この文章から思い浮かぶ事例は、南嶽が馬祖に与えた偈「勧君莫揮帰郷、帰郷道不行。並舎老婆子、説汝旧時名。」でありますが、ここでは比丘同士・比丘比丘尼の間柄、又は比丘尼同士の場合が考えられますが、いづれに於いても昔からの知り合い・旧友同士的関係では、得法(伝法)したからと云っても、日常茶飯の日常底にての礼拝問法は互いにエン慮しがちに為りますが、娑婆(世俗)世界を脱した仏法世界での行持である自覚が双方ともに必要である。

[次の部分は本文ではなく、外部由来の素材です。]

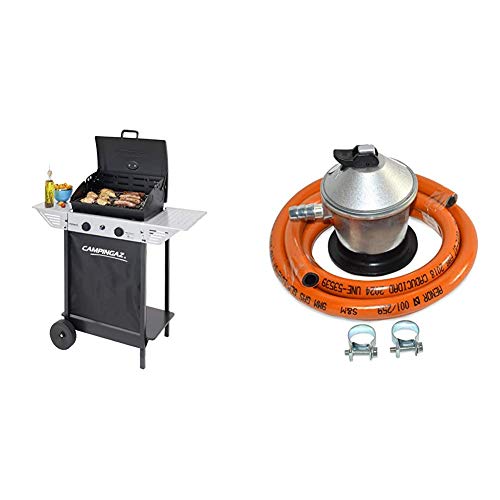 Campingaz Xpert 100 L Plus Rocky Barbacoa Gas para Piedra Volcanica, BBQ gas con 2 quemadores, 7.1kW de potencia + S&M 321771 Regulador de Gas Butano Goma M + 2 Abraz, Gris/Naranja, 1,5 metros de tubo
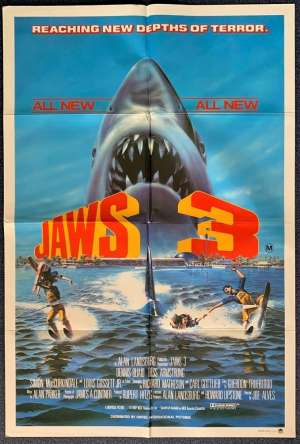 Jaws 3 Poster Original One Sheet 3D Art 1983 Dennis Quaid Shark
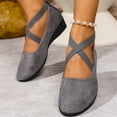 thumbnail image 5 of Willtoo Womens Crisscross Elastic Strap Wedge Flats Comfort Slip‑On Mary Jane Shoes Soft Lightweight Non‑Slip Round Toe Casual Walking Shoes, 5 of 6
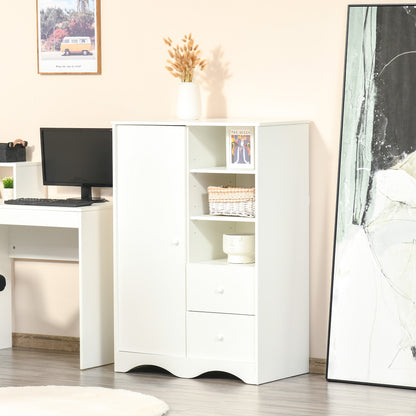 Storage Cabinet with Door and 5 Shelves, 3 Shelves, 2 Drawers, White Storage Furniture for Bedroom, Living Room, Office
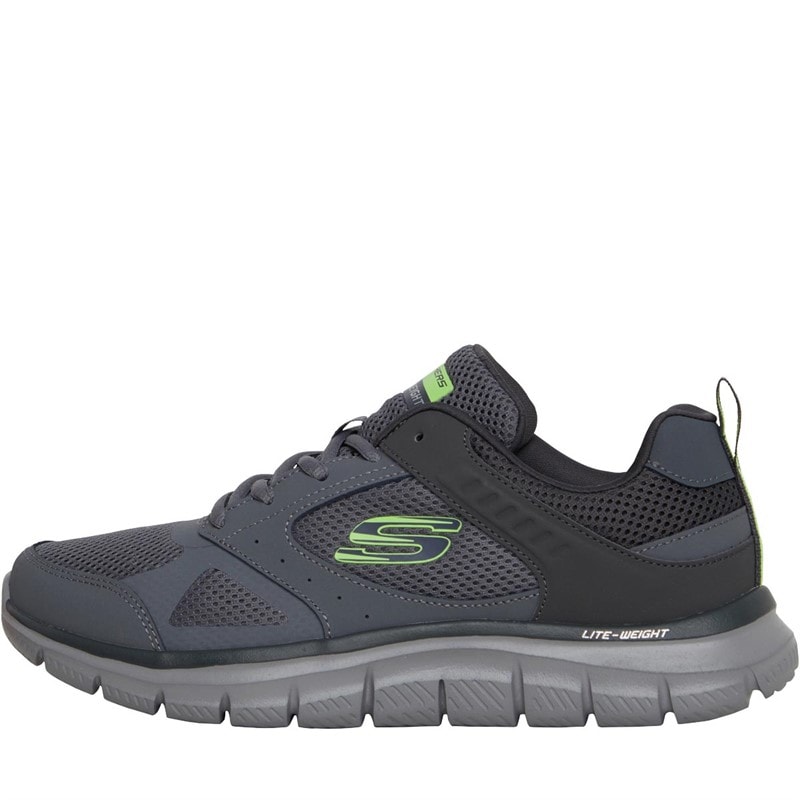 SKECHERS Mens Track Syntac Trainers Charcoal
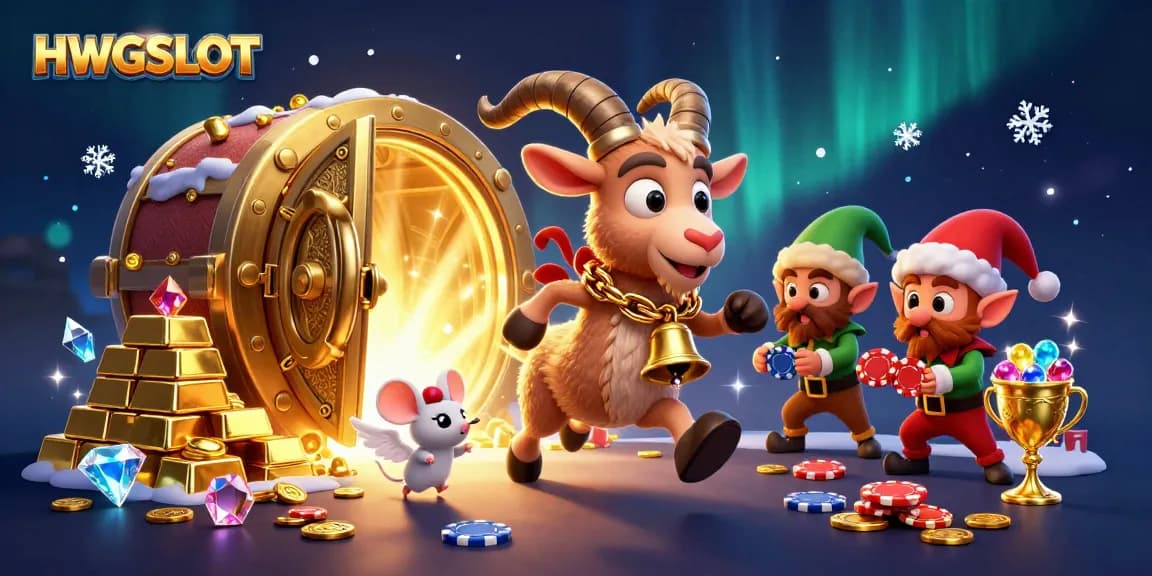 HWGSLOT entertains players with festive illustrations of casino chaos, featuring coins and playful characters.
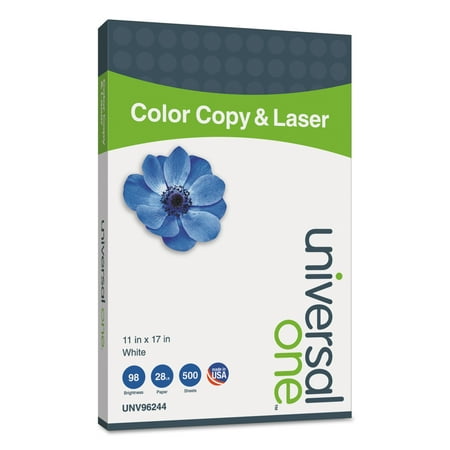 Universal Copier/Laser Paper, 98 Brightness, 28lb, 11 x 17, White, 500 Sheets/Ream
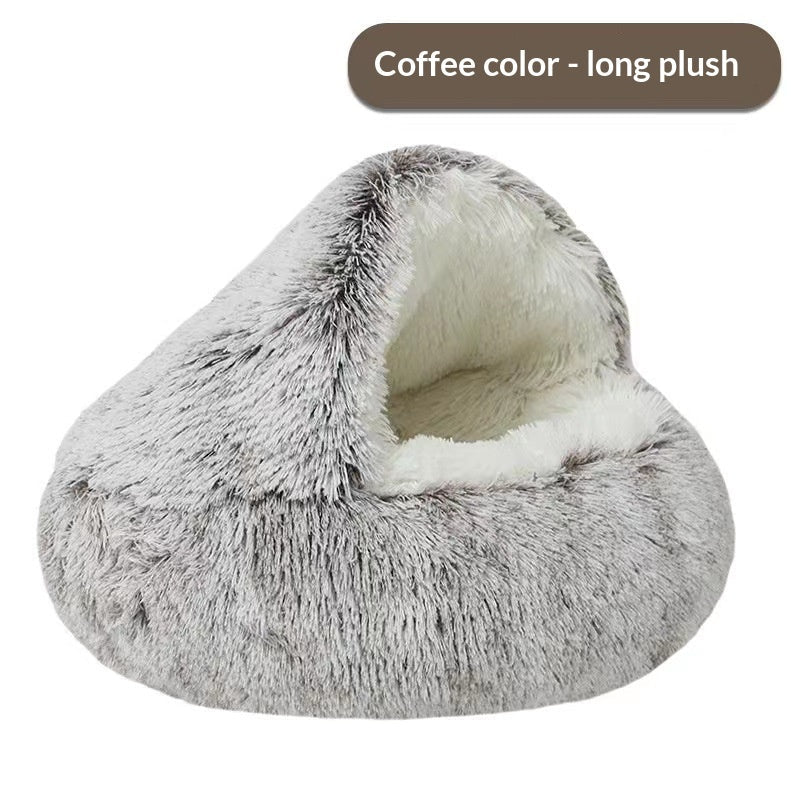 Semi-closed Cat Bed Four Seasons Universal Cover Shell Nest Small Dog Winter Pet Supplies - Dog & You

文意は難なく解せられ、これまでの主意は「得法を敬重し、男女を論じない事が、仏道極妙の法則」である。との一語に尽きるもので、次には居士(優婆塞・梵語ウパシカ)についての考察です。

 

    三

又、宋朝に居士といふは、未出家の士夫なり。庵居して夫婦そなはれるもあり、又孤獨潔白なるもあり。なほ塵勞稠林といひぬべし。しかあれども、あきらむるところあるは、雲衲霞袂あつまりて禮拝請益すること、出家の宗匠におなじ。たとひ女人なりとも、畜生なりとも、又しかあるべし。佛法の道理いまだゆめにもみざらんは、たとひ百歳なる老比丘なりとも、得法の男女におよぶべきにあらず。うやまふべからず。たゞ賓主の禮のみなり。佛法を修行し、佛法を道取せんは、たとひ七歳の女流なりとも、すなはち四衆の導師なり、衆生の慈父なり。たとへば龍女成佛のごとし。供養恭敬せんこと、諸佛如來にひとしかるべし。これすなはち佛道の古儀なり。しらず、單傳せざらんは、あはれむべし。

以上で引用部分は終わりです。